(Recorded data Opens)
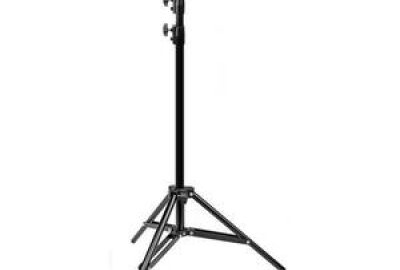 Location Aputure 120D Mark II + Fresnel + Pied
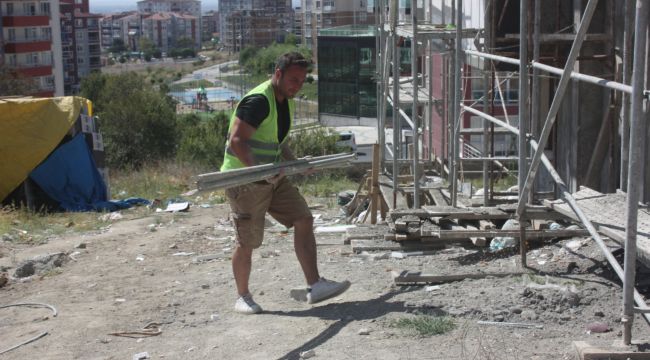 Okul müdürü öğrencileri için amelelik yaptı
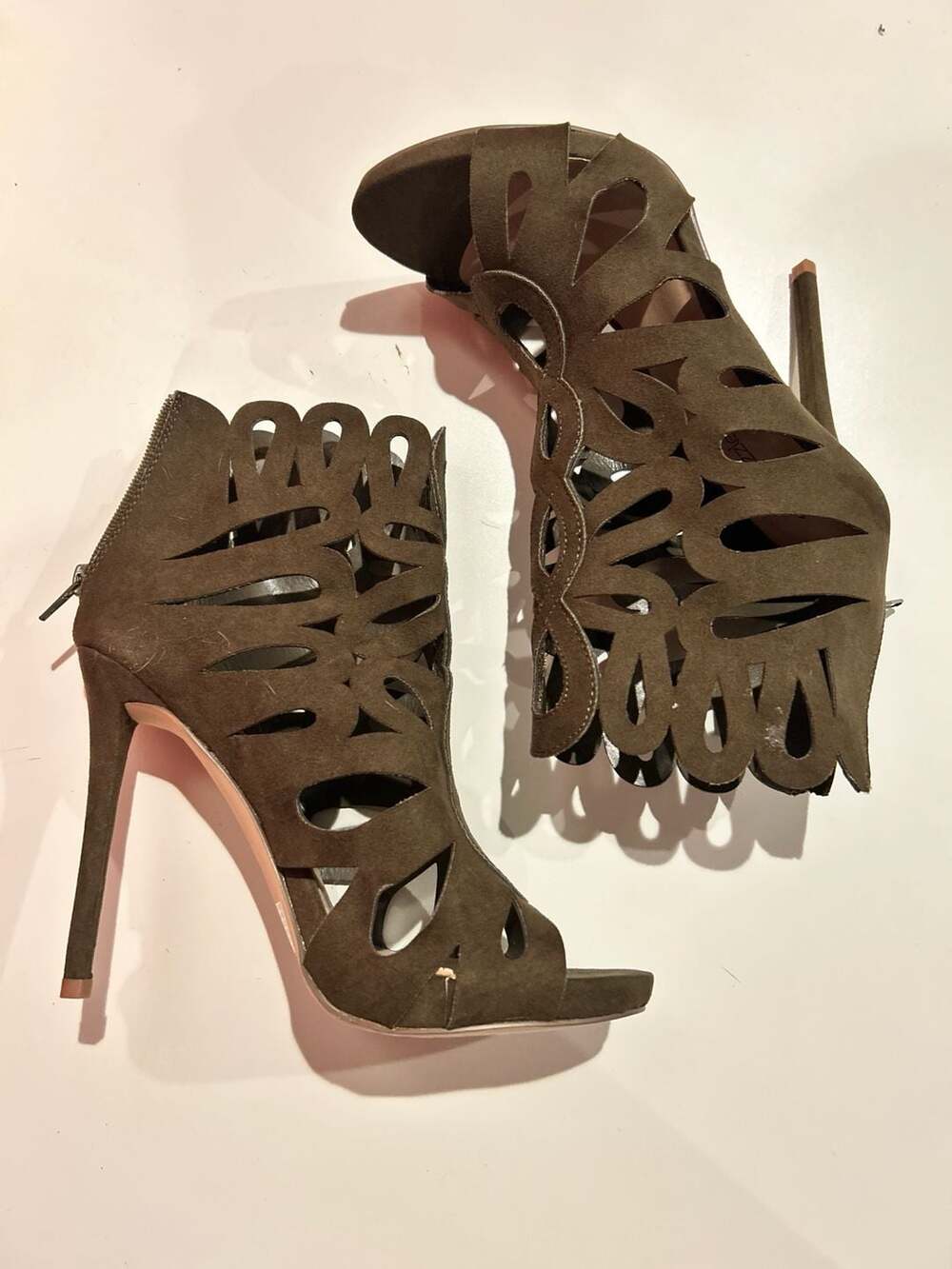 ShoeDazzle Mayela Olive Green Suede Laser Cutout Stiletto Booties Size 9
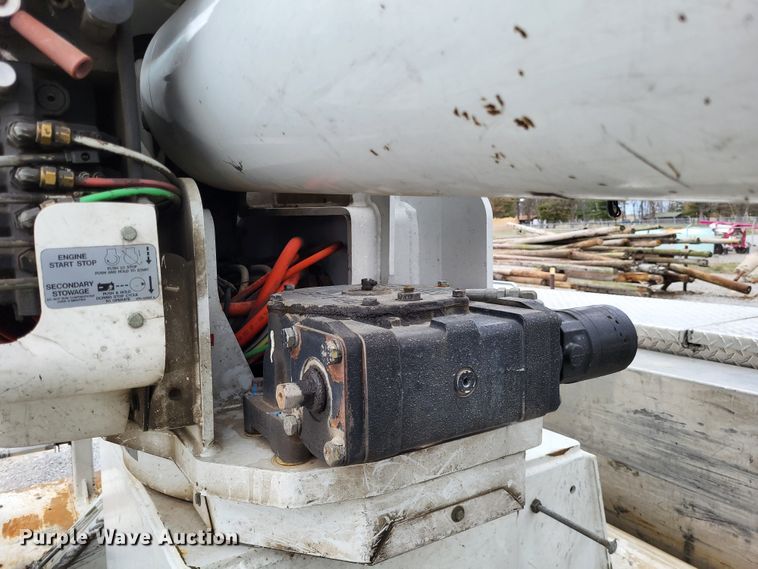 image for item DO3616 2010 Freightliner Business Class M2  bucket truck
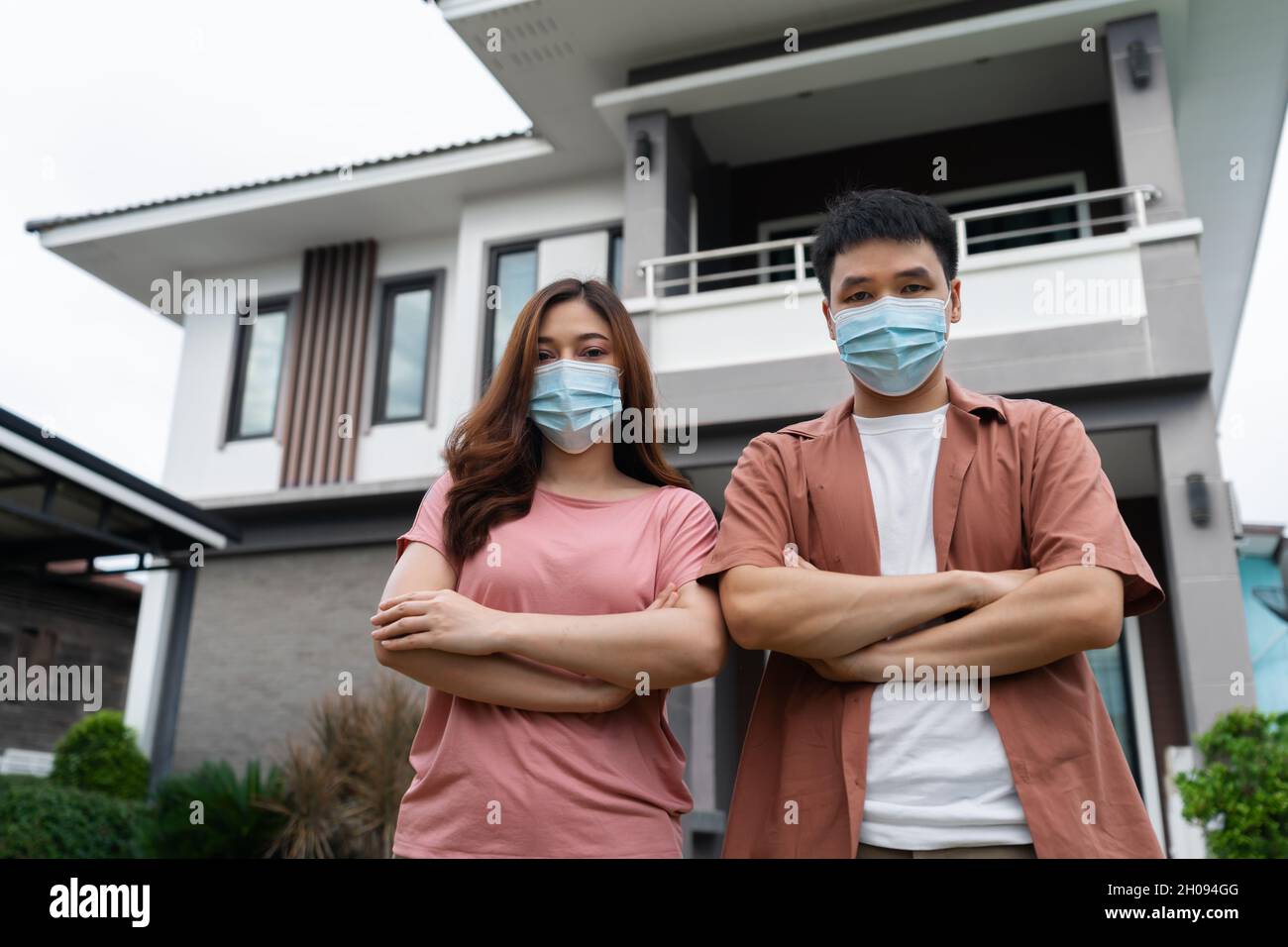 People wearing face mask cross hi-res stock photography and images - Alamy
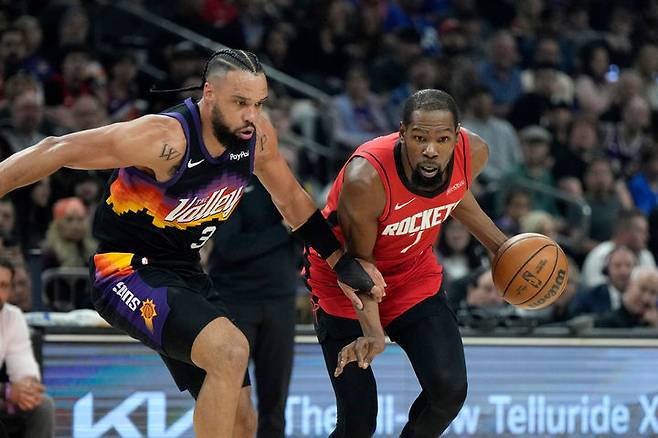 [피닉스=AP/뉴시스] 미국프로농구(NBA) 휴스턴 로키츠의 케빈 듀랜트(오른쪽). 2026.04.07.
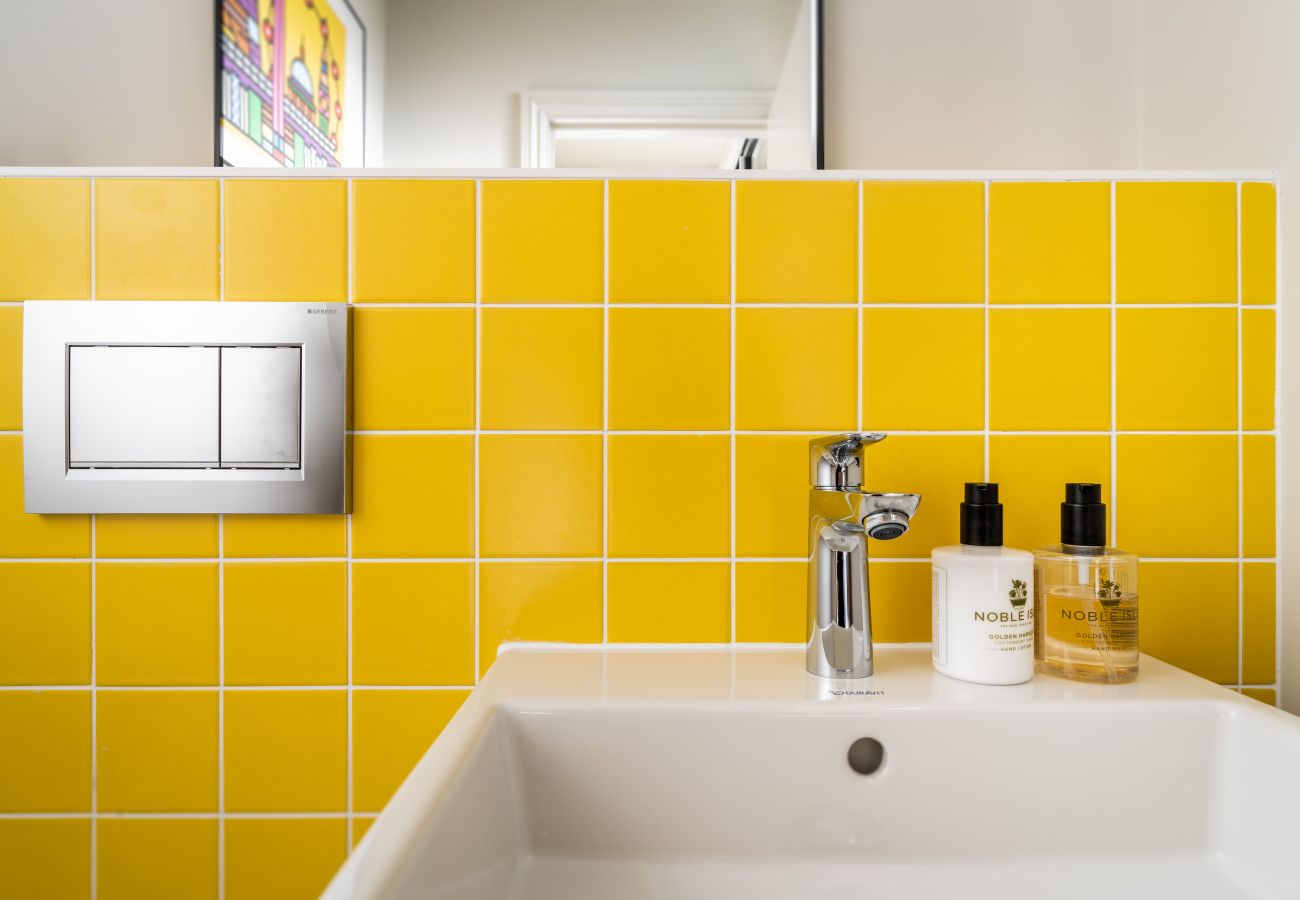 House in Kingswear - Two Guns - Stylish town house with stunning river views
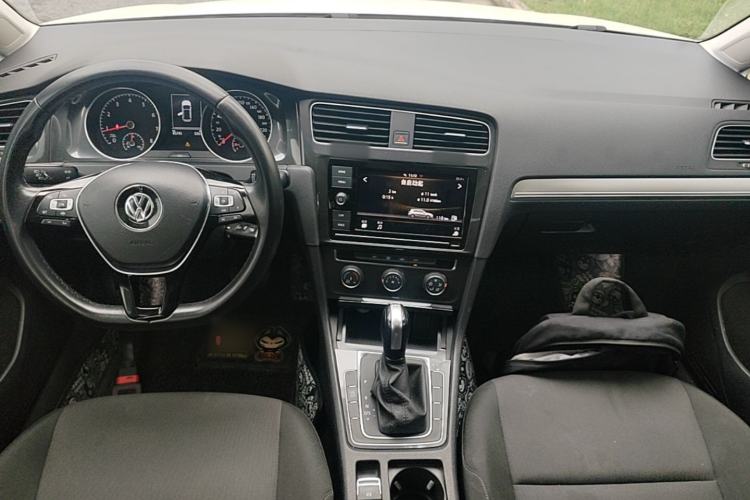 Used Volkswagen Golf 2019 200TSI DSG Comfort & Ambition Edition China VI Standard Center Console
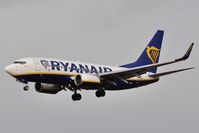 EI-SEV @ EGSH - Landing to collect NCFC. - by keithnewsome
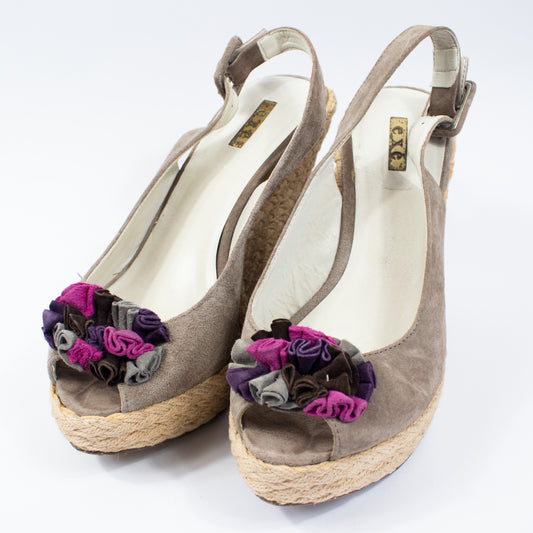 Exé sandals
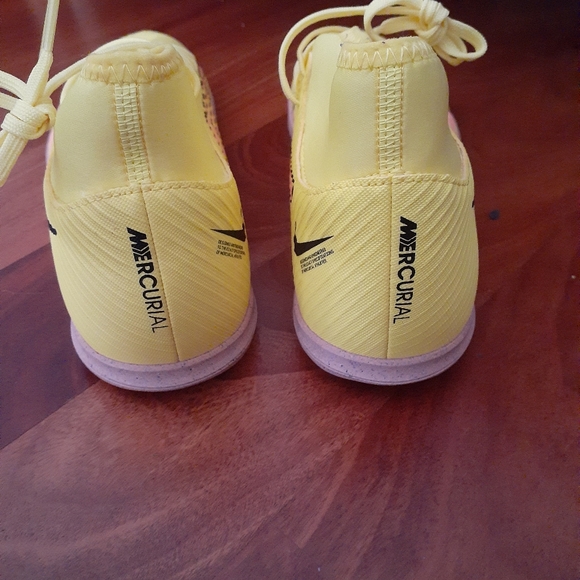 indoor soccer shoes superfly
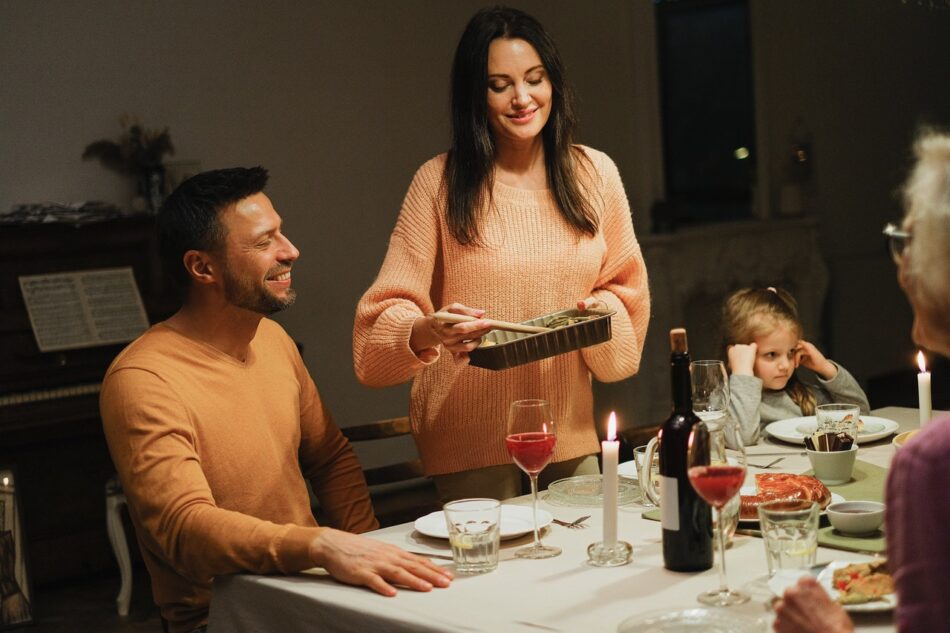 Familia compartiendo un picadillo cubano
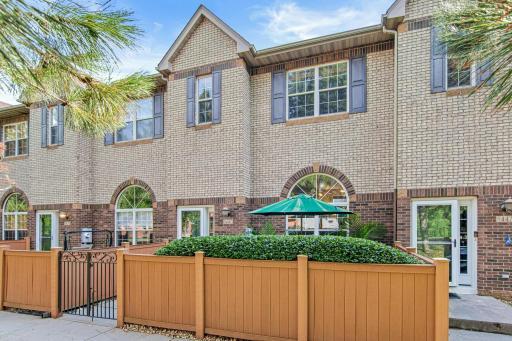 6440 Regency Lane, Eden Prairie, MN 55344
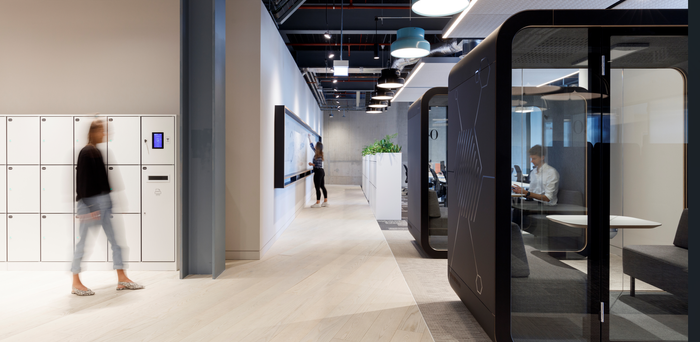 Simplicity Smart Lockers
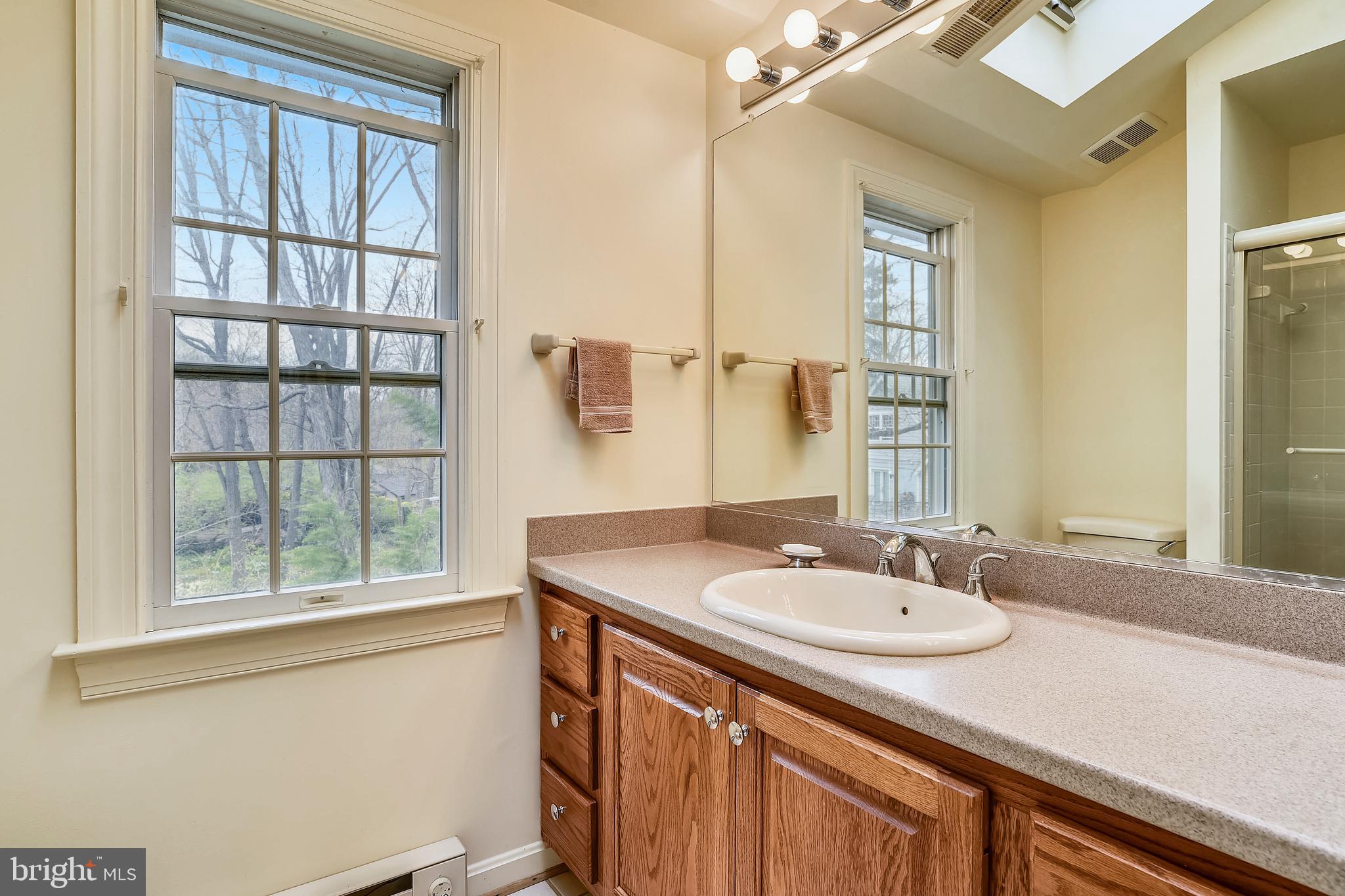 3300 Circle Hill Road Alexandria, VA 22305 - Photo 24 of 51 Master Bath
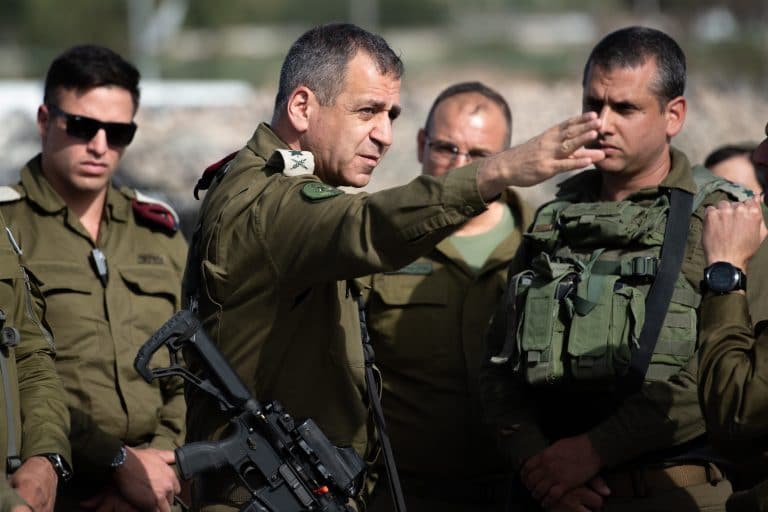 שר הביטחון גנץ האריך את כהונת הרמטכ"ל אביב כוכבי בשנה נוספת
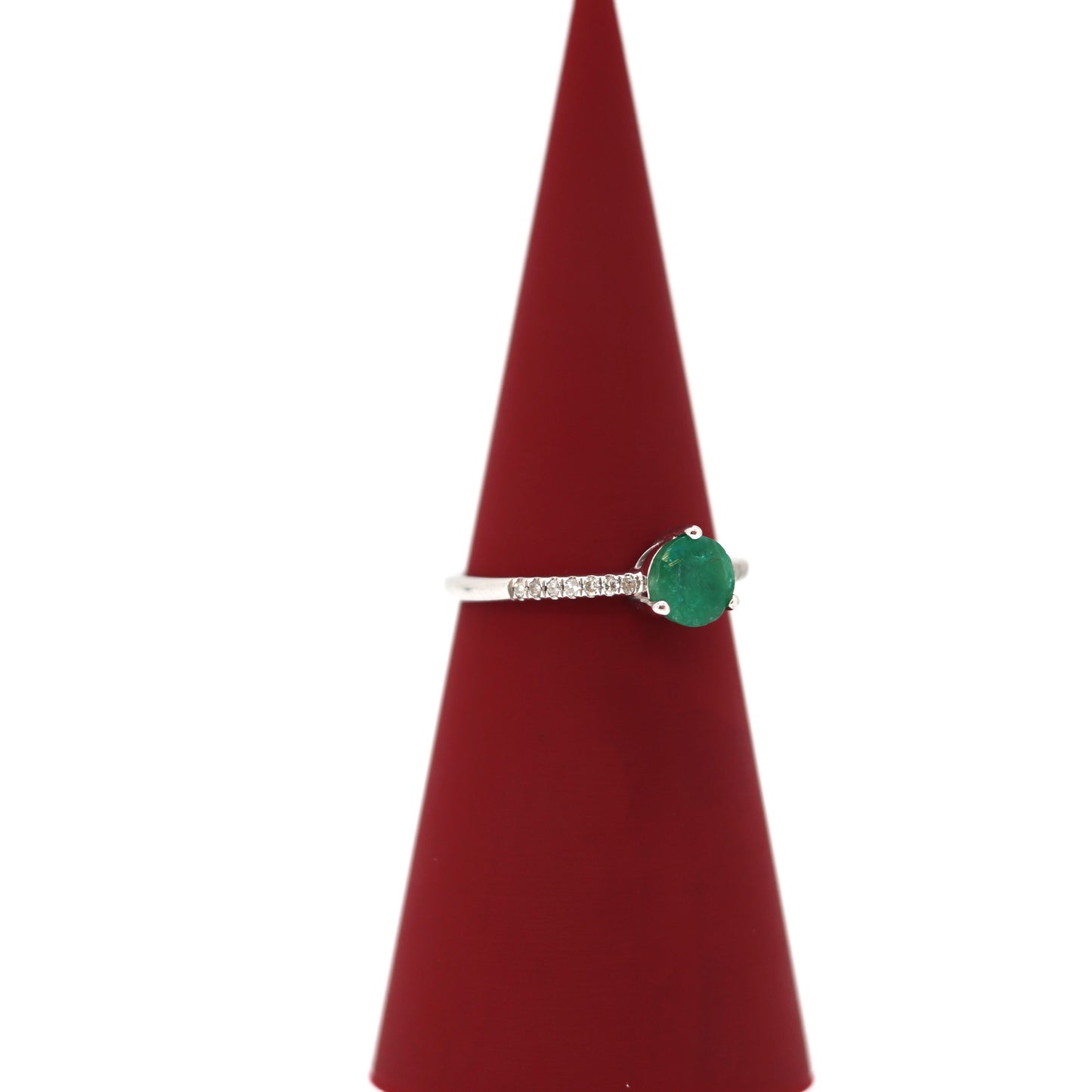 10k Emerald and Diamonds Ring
(Recorded data Closes)
| Activity |
Quote precisely the lines of the data from the line containing "ShoeDazzle Mayela Olive" through its final line, both included, excluding pictures.

| Exercise output |
 ShoeDazzle Mayela Olive Green Suede Laser Cutout Stiletto Booties Size 9
 image for item DO3616 2010 Freightliner Business Class M2  bucket truck
 People wearing face mask cross hi-res stock photography and images - Alamy
 [피닉스=AP/뉴시스] 미국프로농구(NBA) 휴스턴 로키츠의 케빈 듀랜트(오른쪽). 2026.04.07.
 House in Kingswear - Two Guns - Stylish town house with stunning river views
 Used Volkswagen Golf 2019 200TSI DSG Comfort & Ambition Edition China VI Standard Center Console
 EI-SEV @ EGSH - Landing to collect NCFC. - by keithnewsome
 Exé sandals
 indoor soccer shoes superfly
 Familia compartiendo un picadillo cubano
 6440 Regency Lane, Eden Prairie, MN 55344
 Simplicity Smart Lockers
 3300 Circle Hill Road Alexandria, VA 22305 - Photo 24 of 51 Master Bath
 שר הביטחון גנץ האריך את כהונת הרמטכ"ל אביב כוכבי בשנה נוספת
 10k Emerald and Diamonds Ring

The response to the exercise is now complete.